Set in wartime Britain, “Nanny McPhee Returns” revolves around Isabel Green (Maggie Gyllenhaal) a young mother of three trying to raise her kids and run the family farm while her husband is off at war. She’s also trying to keep the farm out of the hands of her scheming brother-in-law (Rhys Ifans) who will stop at nothing to convince her to sign over her half of the land so he can pay off gambling debts. Add to the mix two snotty cousins from London, some acrobatic pigs, an unexploded German bomb and you have a family primed for spinster Nanny McPhee’s unique brand of care giving.
“Nanny McPhee Returns” is a fantasy for kids that is more about the life lessons than it is about the title character. The kids learn about good behavior and cooperation while McPhee lurks in the background, almost disappearing completely from the movie for a long stretch in the middle. Which is just as well. As wonderful as Thompson is, a little of the Nanny goes a long way, but luckily the movie is brimming with appealing character and winning performances.
As Isabel, Gyllenhaal proves she has a Gwyneth Paltrow-like facility with English accents.
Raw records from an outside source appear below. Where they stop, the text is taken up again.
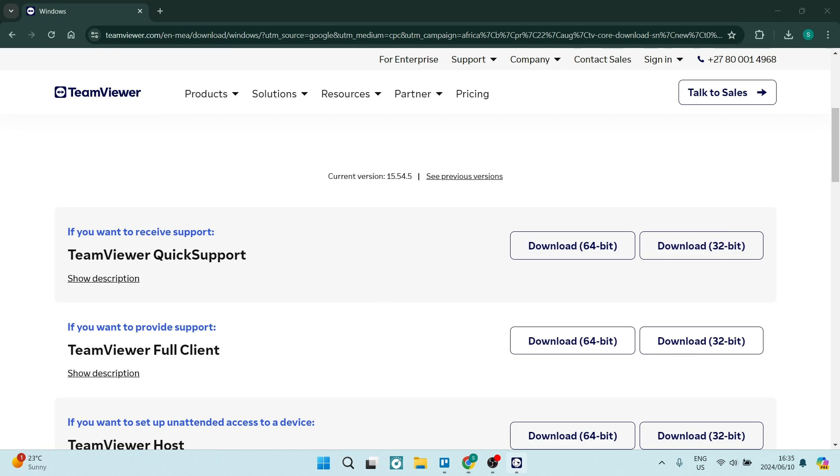So we're in TeamViewer now. This is what this app looks like. On the left-hand side, you'll see remote support. Make sure that you are in there. You're going to go up to the top of this page, and it says create a session.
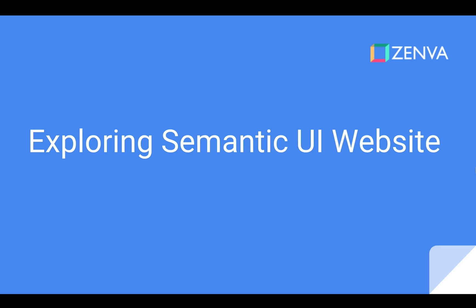Hello guys and welcome back. We've got a really easy tutorial here for you. All we'll be doing is exploring the Semantic UI website.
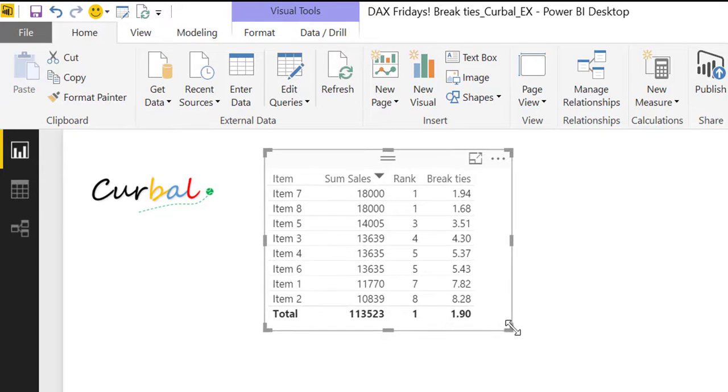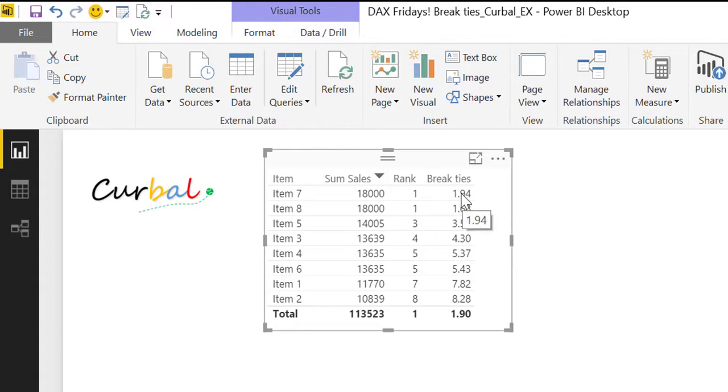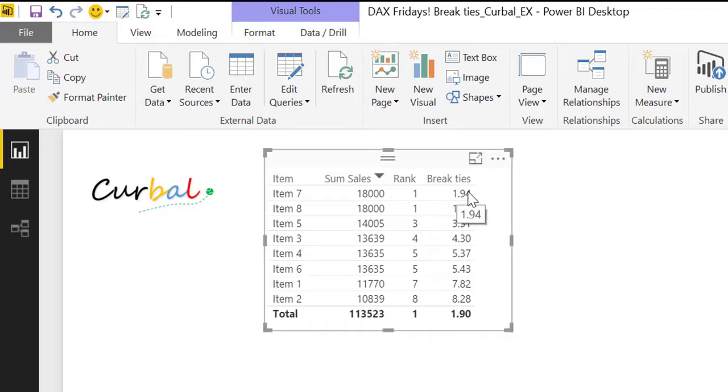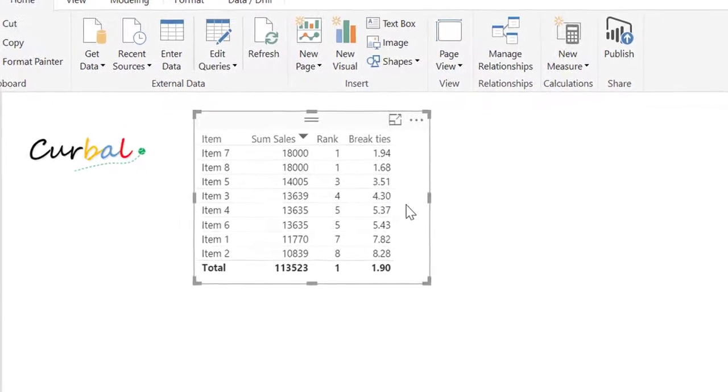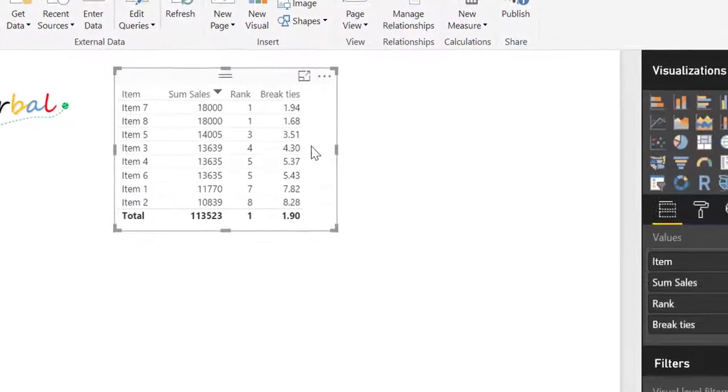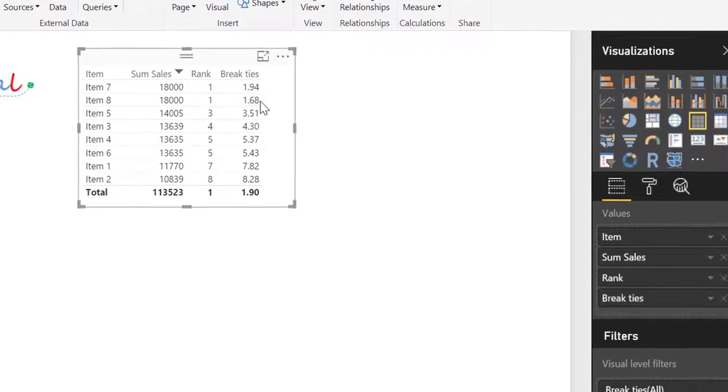And here we have it. So the RAND gives us the numbers to break the ties and then we add it to the RANDOM and then voila. So now if we do the same that we tried to do before.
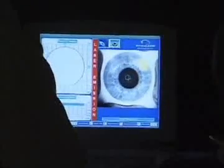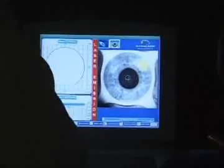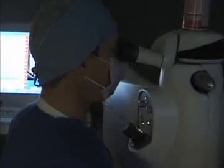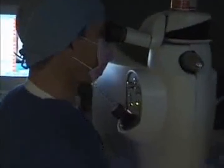LASIK is a way of correcting refractive error. What we're doing here is using the laser to re-sculpt the cornea, and by doing so we can focus the light directly on the back of the eye. Usually with LASIK we can get rid of astigmatism, nearsightedness, and farsightedness.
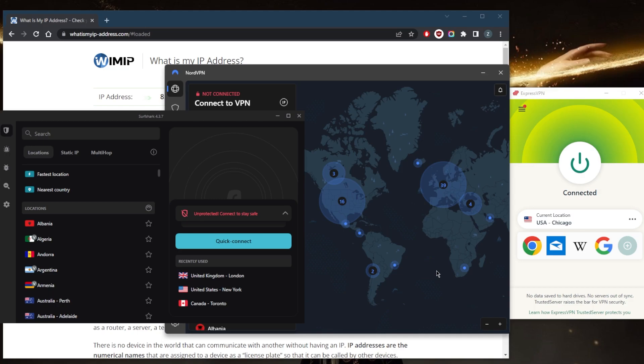It's important to note that hiding your IP address may not completely protect your online privacy and security. For example, if you use a public Wi-Fi network, or if you have to provide personal information to access a service, your privacy could still be compromised.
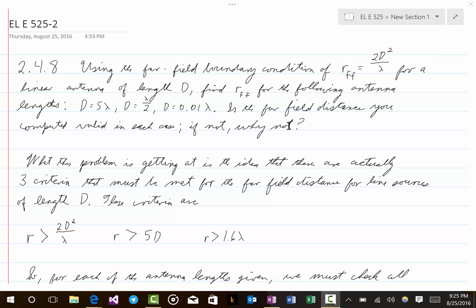What this problem points out is that to find where the far field starts for a linear antenna, it is not sufficient to just check the one criterion of r greater than 2d² over λ. In fact, there are three criteria that must be checked. The three criteria for far field distance for line sources of length d are: r must be greater than 2d²/λ, r must be greater than 5d, and r must be greater than 1.6λ. Different criteria will be most important for different antennas.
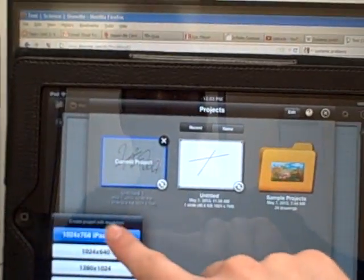So I'm going to start a new project here. And what's different about Doceri is that you have a lot more options.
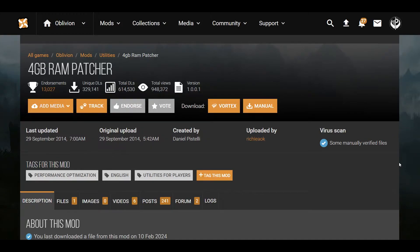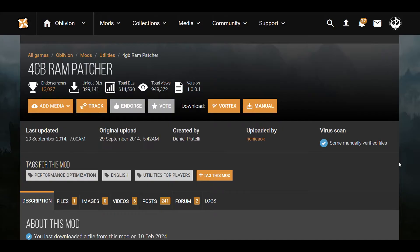Hello everyone, this is the 4GB RAM Patcher for Oblivion. I'm going to show you how to install this mod because some people in the comment section were saying that they were intimidated by doing so, and I know that having a visual representation on how to install these mods makes things a bit easier.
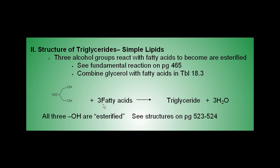Each fatty acid attaches to a carbon on this glycerol molecule. I'll show you an example of a triglyceride next.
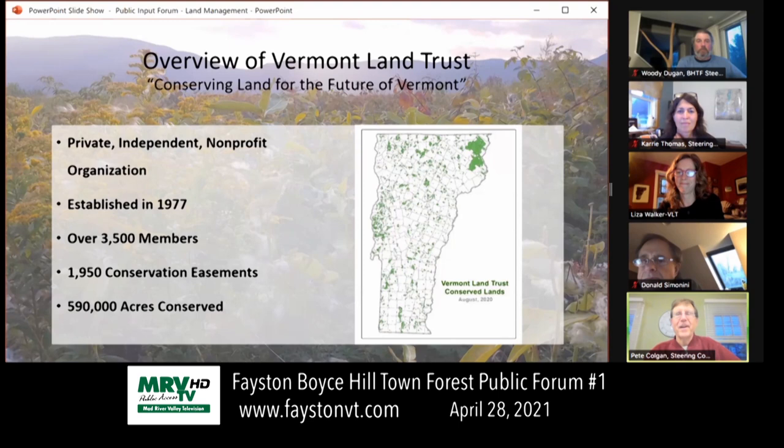I'm going to introduce Liza. She is the Mad River Valley regional director for the Vermont Land Trust. For the last 15 years she's worked with private landowners, municipalities, and other local partners in the area to permanently protect working farms, woodlands, recreation trails, and public lands that contribute to the health and vitality of this watershed community. Liza has lived in Waitsfield for the last 22 years and is grateful to be raising two kids in this great place.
She’s wonderful as the kind hearted but frazzled mother, but really delivers in the movie’s emotional moments. She brings a realism to certain scenes that isn’t often found in kid’s entertainment.
At the other end of the scale is Ifans who, as the villain, seems to have lurched off the stage from the local Christmas pantomime. He plays Uncle Phil as broadly as possible, but somehow it works. The subtlety and nuance of his recent work in movies like “Greenberg” is absent, replaced with a delicious sense of fun. If this was a live show the audience would boo every time he stepped on stage.
The real draw, however, is the kids. As Cyril, a pompous little twit who learns to be… well, less of a pompous little twit, Eros Vlahos is a mini Benny Hill in the making, with great comic timing and a way with a line. The other kids, Vincent (Oscar Steer), Norman (Asa Butterfield), Megsie (Lil Woods), and Celia (Rose Taylor-Ritson) more than capably hold the screen, playing against Oscar winners and heavy weights like Ralph Fiennes and Maggie Smith.
Even though “Nanny McPhee Returns” gets a little CGI silly near the end it is a crowd pleasing mix of gentle humor, fantasy—check out the pigs as they take a page from the Esther Williams playbook—and family fun.